Would you write out the lines below exactly, from the one containing "Рождественский венок со" to the very last, but without the pictures?

### Supplied data
*****
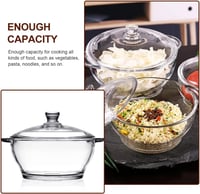 Angoily 1300 ml üveg főzőedény fedővel, hőálló üvegedény 5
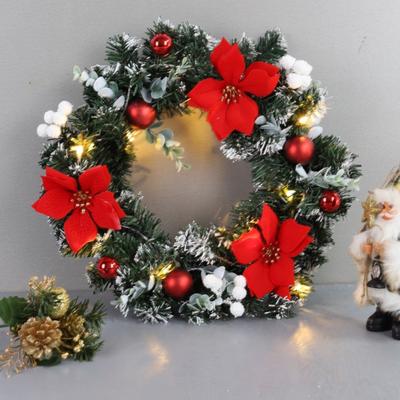 Рождественский венок со светодиодной подсветкой на батарейках, подвесная гирлянда на входной двери, украшения для дома для отдыха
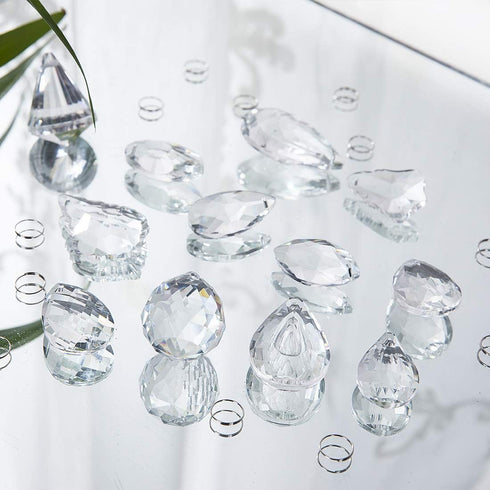Decoration,Pack 12 H&D Clear Jewelry Crystals Pendants Chandelier Lamp Lighting Drops Prisms Hanging Glass Prisms Parts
*****
### Written response
 Рождественский венок со светодиодной подсветкой на батарейках, подвесная гирлянда на входной двери, украшения для дома для отдыха
Decoration,Pack 12 H&D Clear Jewelry Crystals Pendants Chandelier Lamp Lighting Drops Prisms Hanging Glass Prisms Parts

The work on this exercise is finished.